→ Problem description: Give back, exactly and with nothing else, the lines running from the one that contains "Lyon 2ème 69002" to the end of the entries below; do not include pictures.

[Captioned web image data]

-----

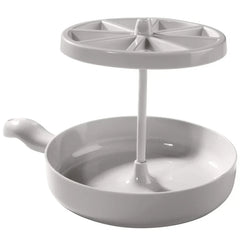 Microwave Bacon Cooker Tray Rack Hanger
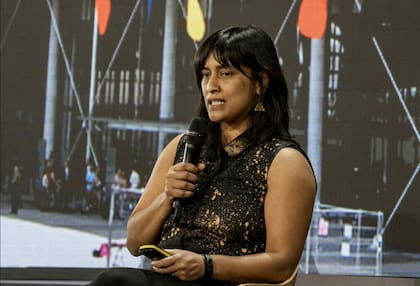 Shazna Nessa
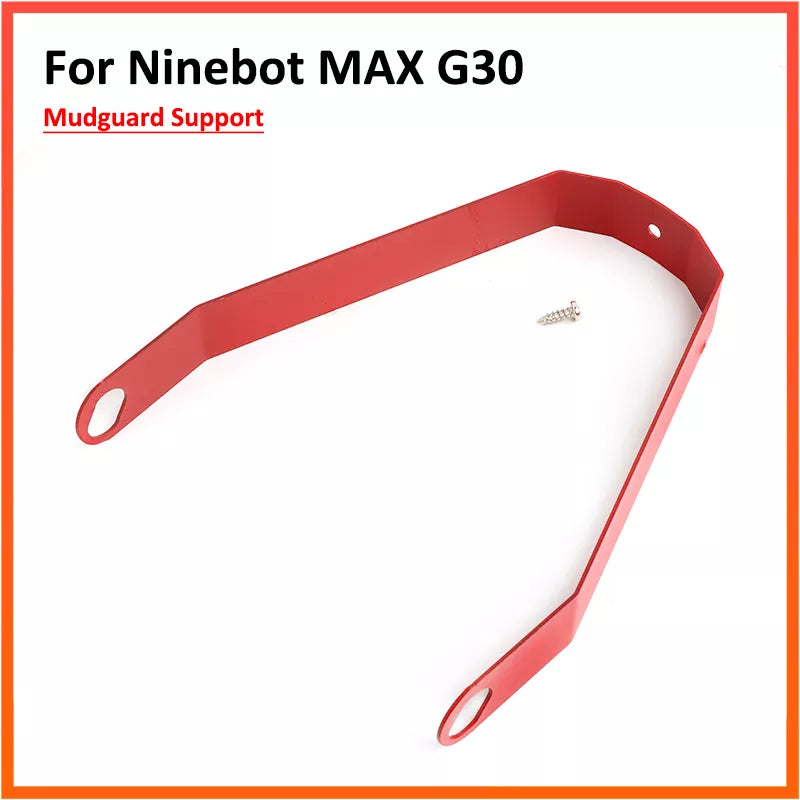 Rear Fender Support for NINEBOT MAX G30 G30D Electric Scooter Mudguard Bracket Modification Accessories-WAYBIKER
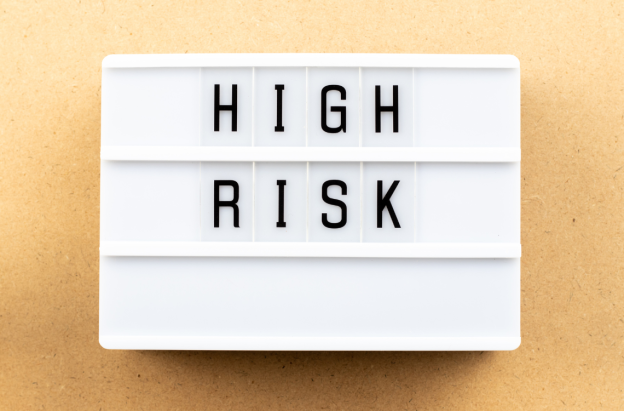high risk merchant account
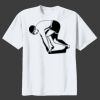 Youth Heavy Cotton 100% Cotton T Shirt Thumbnail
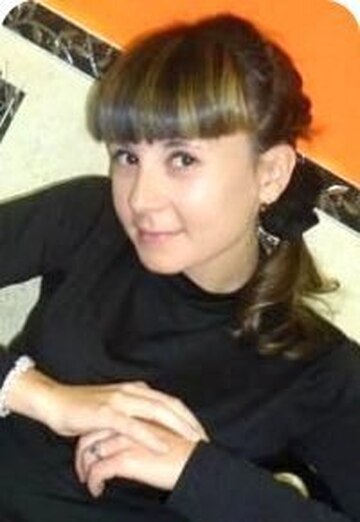 Моя фотография - Нана, 36 из Югорск (@nana444)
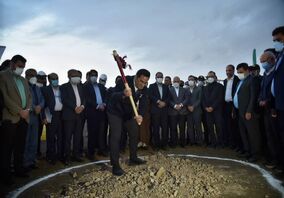 کارخانه فولاد روی دور تند/نوبت به گندله‌سازی رسید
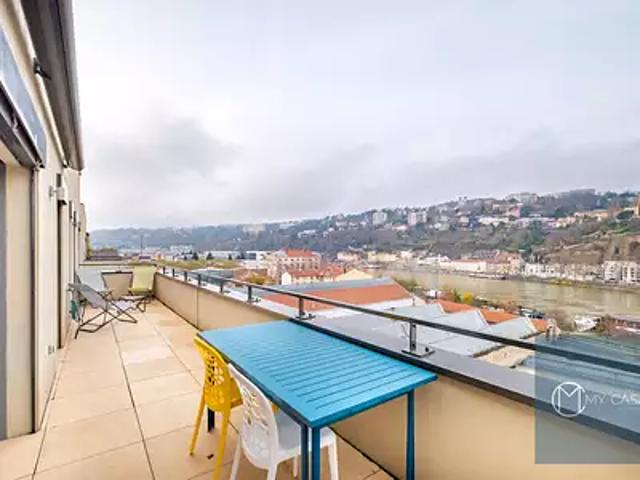 Lyon 2ème 69002 Achat / Vente appartement 5 pièces t5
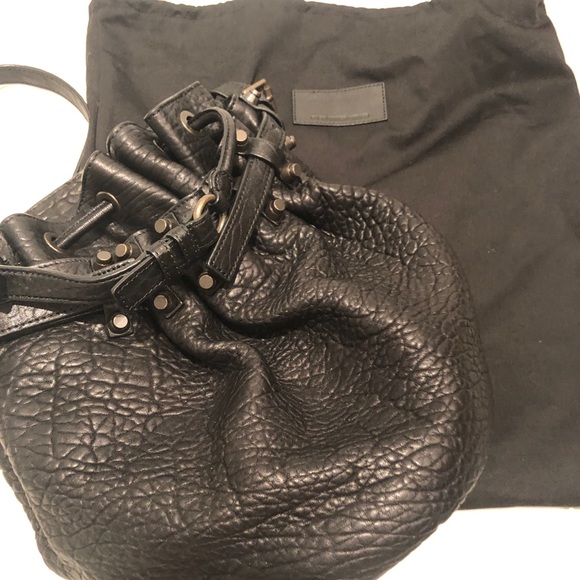Alexander Wang Handbags - Alexander Wang Diego Bucket Bag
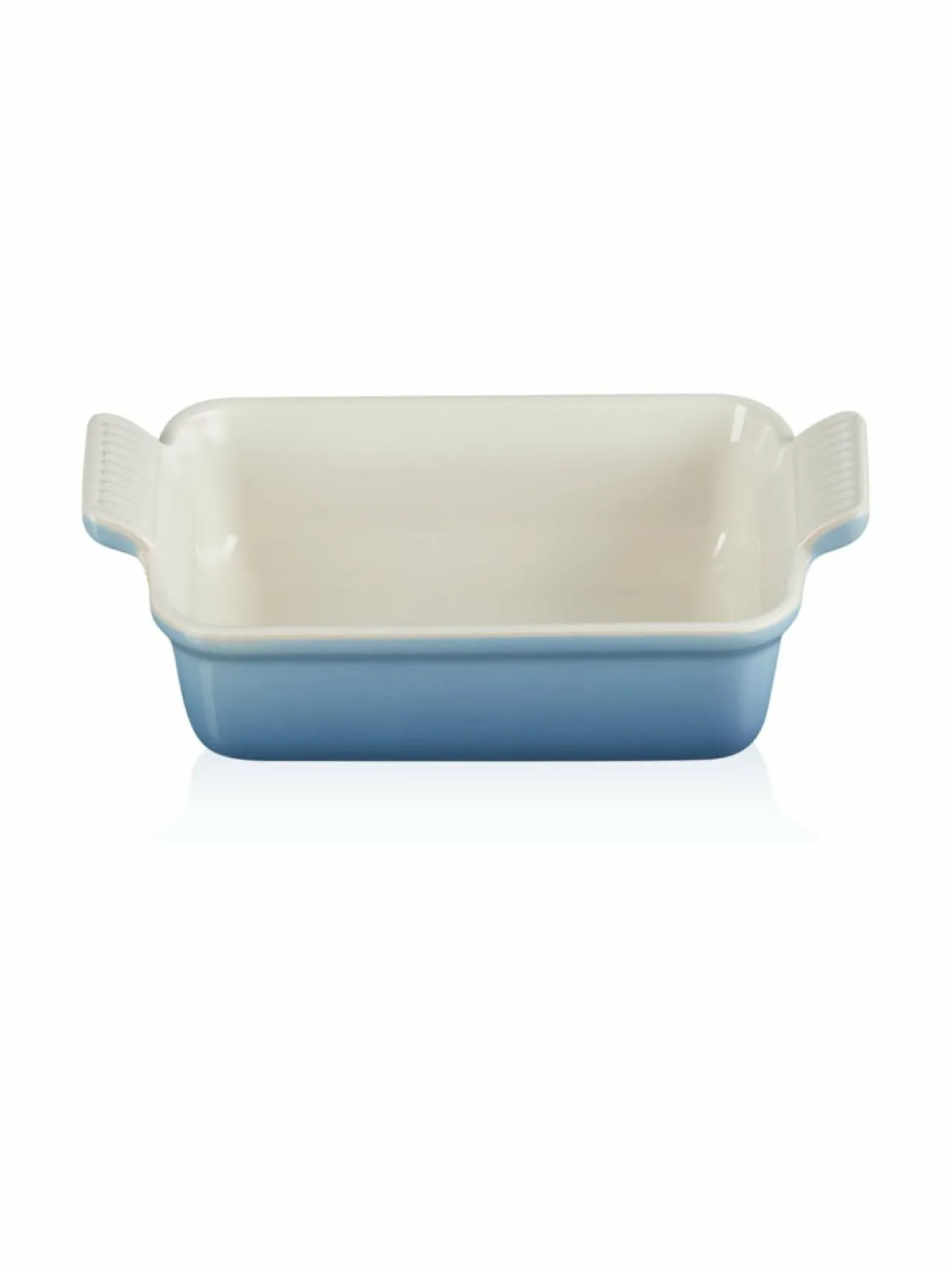 Keitto- & Paistoastiat|Le Creuset Heritage-uunivuoka 19 cm CHAMBRAY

-----

→ Exercise response:
 Lyon 2ème 69002 Achat / Vente appartement 5 pièces t5
Alexander Wang Handbags - Alexander Wang Diego Bucket Bag
 Keitto- & Paistoastiat|Le Creuset Heritage-uunivuoka 19 cm CHAMBRAY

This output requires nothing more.